START Record excerpts
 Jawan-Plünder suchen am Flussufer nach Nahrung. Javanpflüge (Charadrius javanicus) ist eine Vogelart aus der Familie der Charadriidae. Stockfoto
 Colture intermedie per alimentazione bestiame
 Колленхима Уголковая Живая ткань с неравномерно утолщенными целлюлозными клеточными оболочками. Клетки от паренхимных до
END Record excerpts
START Record excerpts
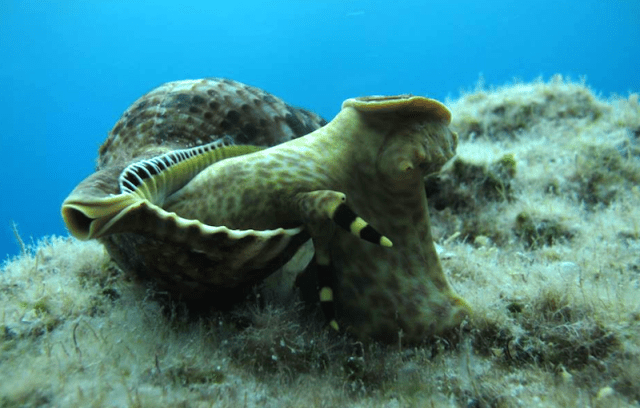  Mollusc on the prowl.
END Record excerpts
START Record excerpts
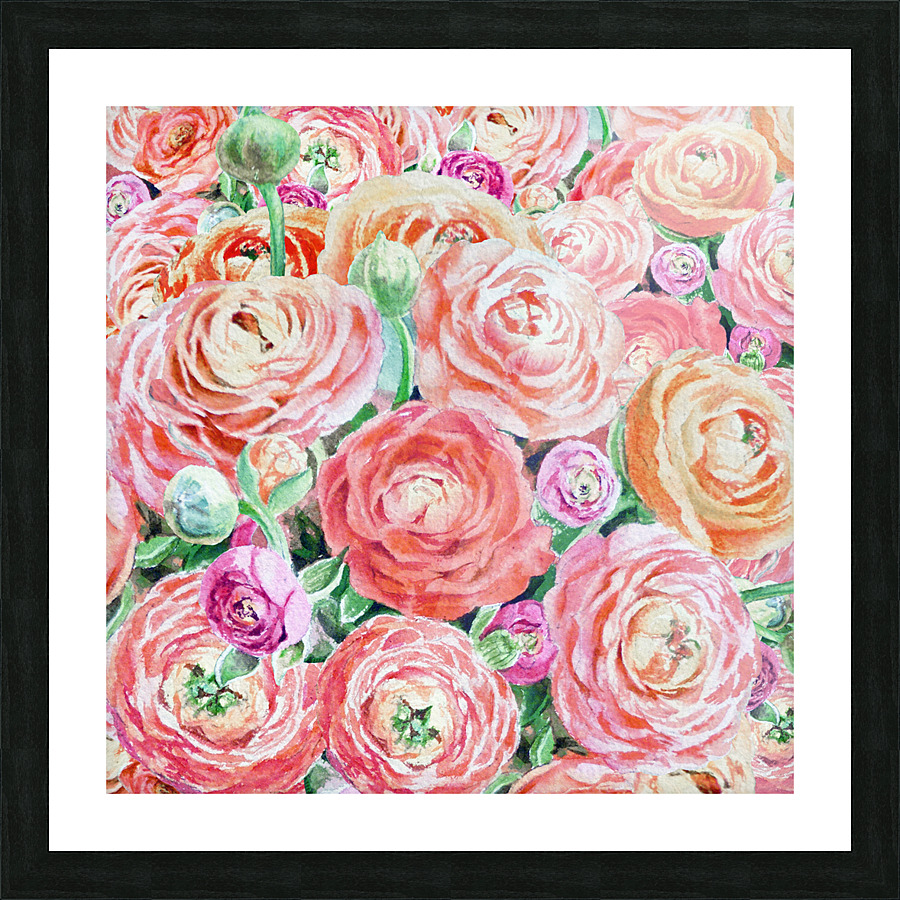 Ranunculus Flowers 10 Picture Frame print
END Record excerpts
In the listing above, find the line containing "Jawan-Plünder suchen am" and the line containing "Колленхима Уголковая Живая", then repeat those two lines and everything between them exactly.

 Jawan-Plünder suchen am Flussufer nach Nahrung. Javanpflüge (Charadrius javanicus) ist eine Vogelart aus der Familie der Charadriidae. Stockfoto
 Colture intermedie per alimentazione bestiame
 Колленхима Уголковая Живая ткань с неравномерно утолщенными целлюлозными клеточными оболочками. Клетки от паренхимных до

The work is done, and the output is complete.